RandomWOW/doc/vm.md
2018-12-31 19:27:31 +01:00

4.8 KiB

RandomX virtual machine

RandomX is intended to be run efficiently on a general-purpose CPU. The virtual machine (VM) which runs RandomX code attempts to simulate a generic CPU using the following set of components:

Imgur

Dataset

The VM has access to a read-only dataset which has a size of 4 GiB and changes every ~34 hours. See dataset.md for details how the dataset is generated.

MMU

The memory management unit (MMU) interfaces the CPU with the external memory. The purpose of the MMU is to translate the random memory accesses generated by the random program into a DRAM-friendly access pattern, where memory reads are not bound by access latency. The MMU accepts a 32-bit address addr and outputs a 64-bit value from the dataset. The dataset is read mostly sequentially. On average, there is one random read for every 8192 sequential reads. An average program reads a total of 4 MiB of the dataset and has 64 random reads.

The MMU uses two internal registers:

  • ma - Address of the next quadword to be read from memory (32-bit, 8-byte aligned).
  • mx - A 32-bit counter that determines if the next read is sequential or random. After each read, the read address is XORed with the counter and if bits 3-15 of the register are zero, bits 0-2 are cleared and the value of the mx register is copied into register ma. Thus, all random reads are aligned to a 64 KiB block boundary.

When the value of the ma register is changed to a random address, the memory location can be preloaded into CPU cache using the x86 PREFETCH instruction or ARM PRFM instruction. Implicit prefetch should ensure that sequentially accessed memory is already in the cache.

Scratchpad

The VM contains a 256 KiB scratchpad, which is accessed randomly both for reading and writing. The scratchpad is split into two segments (16 KiB and 240 KiB). 75% of accesses are into the first 16 KiB.
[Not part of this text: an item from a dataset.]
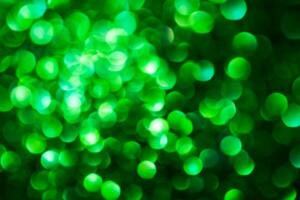 Green lights abstract bokeh backdrop. Chrismas lights bokeh. photo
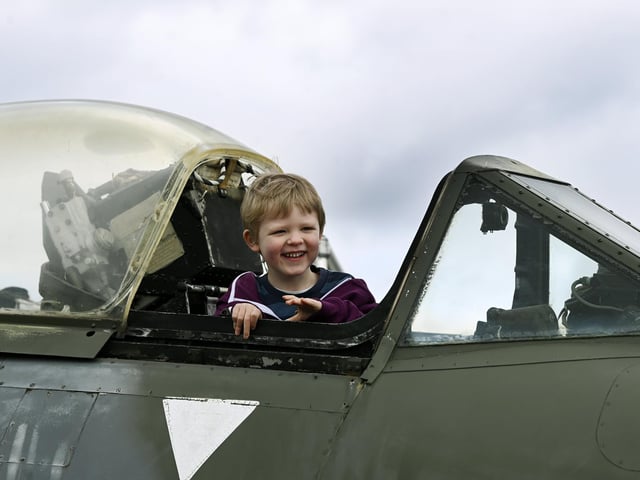 Four year old Edward Clark from Northallerton in a Meteor during the open cockpit event at the Yorkshire Air Museum, near York.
The scratchpad access pattern mimics the usual CPU cache structure. The first 16 KiB should be covered by the L1 cache, while the remaining accesses should hit the L2 cache. In some cases, the read address can be calculated in advance, which should limit the impact of L1 cache misses.

Program

The actual program is stored in a 8 KiB ring buffer structure. Each program consists of 512 random 128-bit instructions. The ring buffer structure makes sure that the program forms a closed infinite loop.

For high-performance mining, the program should be translated directly into machine code. The whole program will fit into the L1 instruction cache and hot execution paths should stay in the µOP cache that is used by newer x86 CPUs. This should limit the number of front-end stalls and keep the CPU busy most of the time.

Control unit

The control unit (CU) controls the execution of the program. It reads instructions from the program buffer and sends commands to the other units. The CU contains 3 internal registers:

  • pc - Address of the next instruction in the program buffer to be executed (64-bit, 8 byte aligned).
  • sp - Address of the last element on the stack (64-bit, 8 byte aligned).
  • ic - Instruction counter contains the number of instructions to execute before terminating. The register is decremented after each instruction and the program execution stops when ic reaches 0.

Fixed number of executed instructions ensure roughly equal runtime of each random program.

Stack

To simulate function calls, the VM uses a stack structure. The program interacts with the stack using the CALL and RET instructions. The stack has unlimited size and each stack element is 64 bits wide.

Although there is no explicit limit of the stack size, the maximum theoretical size of the stack is 16 MiB. Most programs will use around 4 KiB of stack.

Register file

The VM has 8 integer registers r0-r7 and 8 floating point registers f0-f7. The integer registers are 64 bits wide. The floating point registers are 128 bits wide and each stores two packed double precision numbers.

The number of registers is low enough so that they can be stored in actual hardware registers on most CPUs.

ALU

The arithmetic logic unit (ALU) performs integer operations. The ALU can perform binary integer operations from 7 groups (addition, subtraction, multiplication, division, bitwise operations, shift, rotation) with operand sizes of 64 or 32 bits.

FPU

The floating-point unit performs IEEE-754 compliant math using 64-bit double precision floating point numbers. Five basic operations are available: addition, subtraction, multiplication, division and square root. All operations work with two packed double precision numbers.

Binary encoding

The VM stores and loads all data in little-endian byte order. Signed integer numbers are represented using two's complement.